Causal Effects of Stochastic PrEP Interventions on HIV Incidence Among Men Who Have Sex With Men
- PMID: 37073419
- PMCID: PMC10773485
- DOI: 10.1093/aje/kwad097
Causal Effects of Stochastic PrEP Interventions on HIV Incidence Among Men Who Have Sex With Men
Abstract
Antiretroviral preexposure prophylaxis (PrEP) is highly effective in preventing human immunodeficiency virus (HIV) infection, but uptake has been limited and inequitable. Although interventions to increase PrEP uptake are being evaluated in clinical trials among men who have sex with men (MSM), those trials cannot evaluate effects on HIV incidence. Estimates from observational studies of the causal effects of PrEP-uptake interventions on HIV incidence can inform decisions about intervention scale-up.

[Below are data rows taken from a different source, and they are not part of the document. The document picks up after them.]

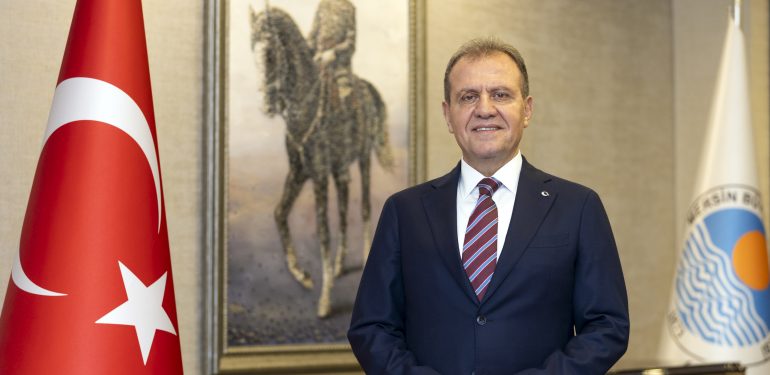 CHP’nin Mersin Adayı Vahap Seçer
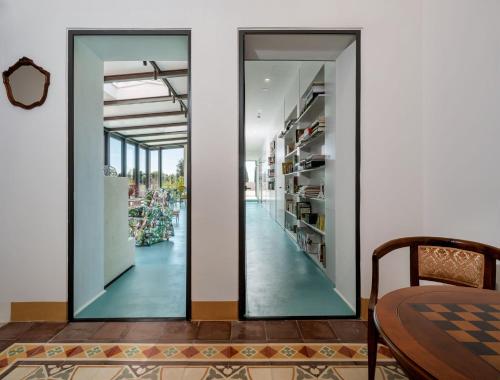 a pair of mirrors in a room with a table at Villa Arabesque in Veglie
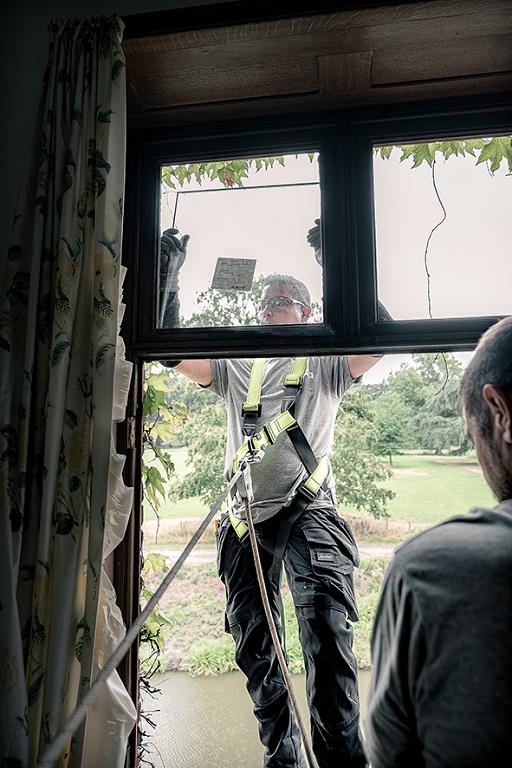 Alte Eichenrahmen im Schloss Wynendaele mit neuer Wärmedämmung

Flämisches Kulturerbe restauriert mit FINEO Vakuumisolierglas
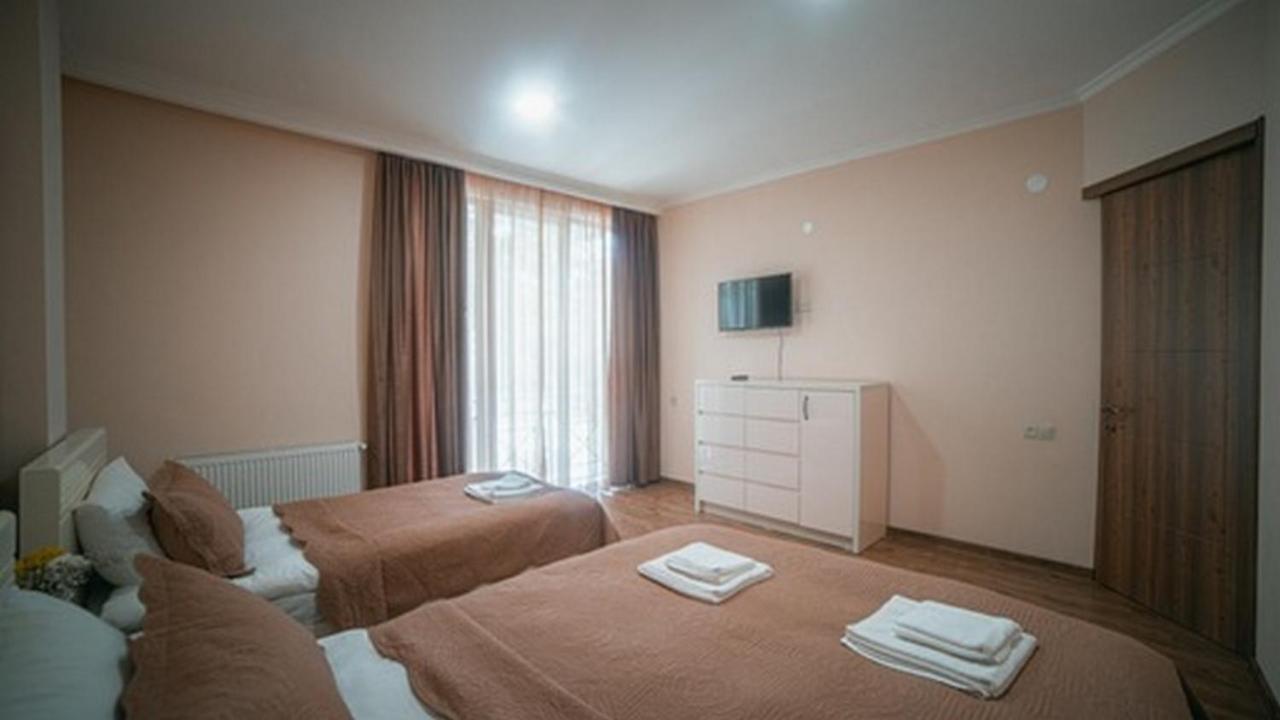 Hotel Surami Exteriér fotografie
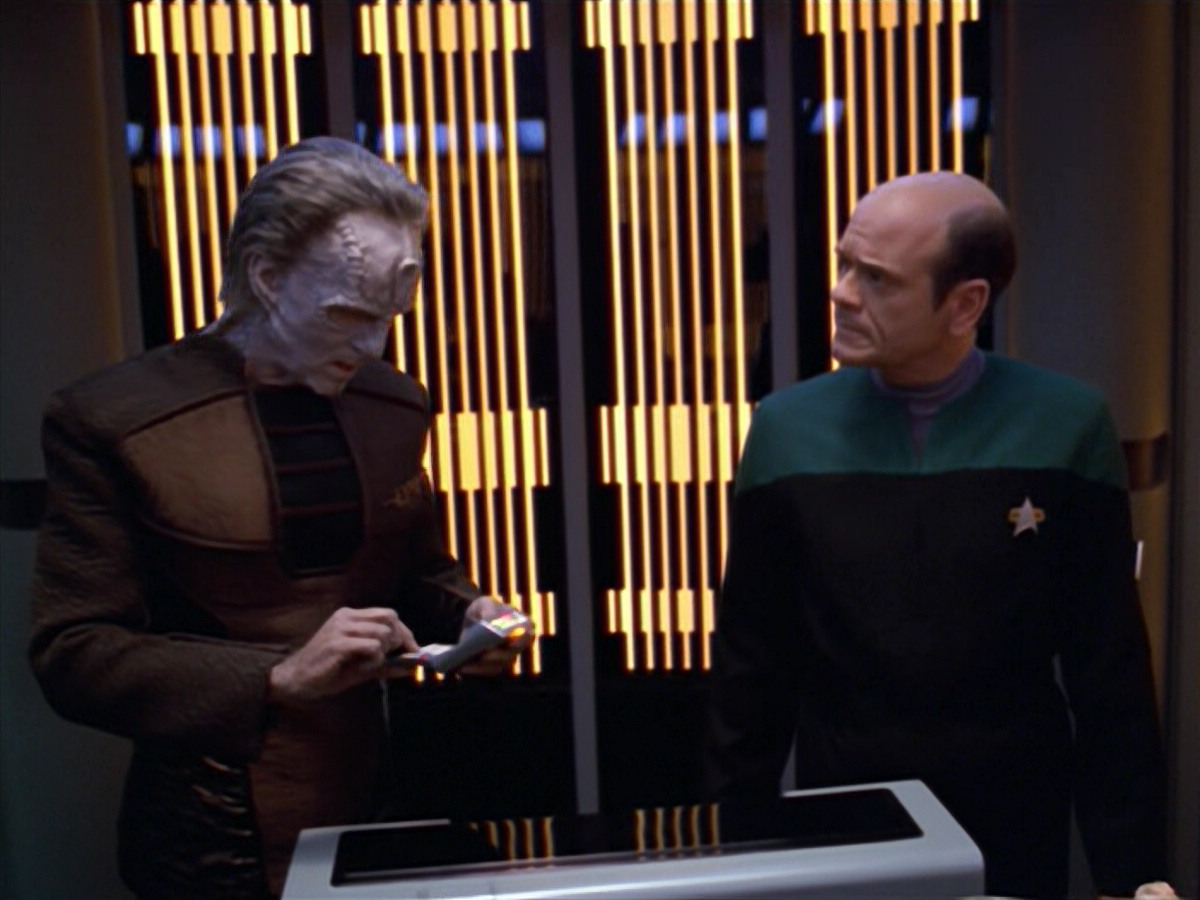extant_StarTrek_VOY_5x08-NothingHuman_01063.jpg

We used longitudinal electronic health record data from HIV-negative MSM accessing care at Fenway Health, a community health center in Boston, Massachusetts, from January 2012 through February 2018, with 2 years of follow-up. We considered stochastic interventions that increased the chance of initiating PrEP in several high-priority subgroups. We estimated the effects of these interventions on population-level HIV incidence using a novel inverse-probability weighted estimator of the generalized g-formula, adjusting for baseline and time-varying confounders. Our results suggest that even modest increases in PrEP initiation in high-priority subgroups of MSM could meaningfully reduce HIV incidence in the overall population of MSM. Interventions tailored to Black and Latino MSM should be prioritized to maximize equity and impact.
Keywords: HIV; causal inference; inverse probability weighting; men who have sex with men; preexposure prophylaxis; stochastic interventions.
© The Author(s) 2023. Published by Oxford University Press on behalf of the Johns Hopkins Bloomberg School of Public Health.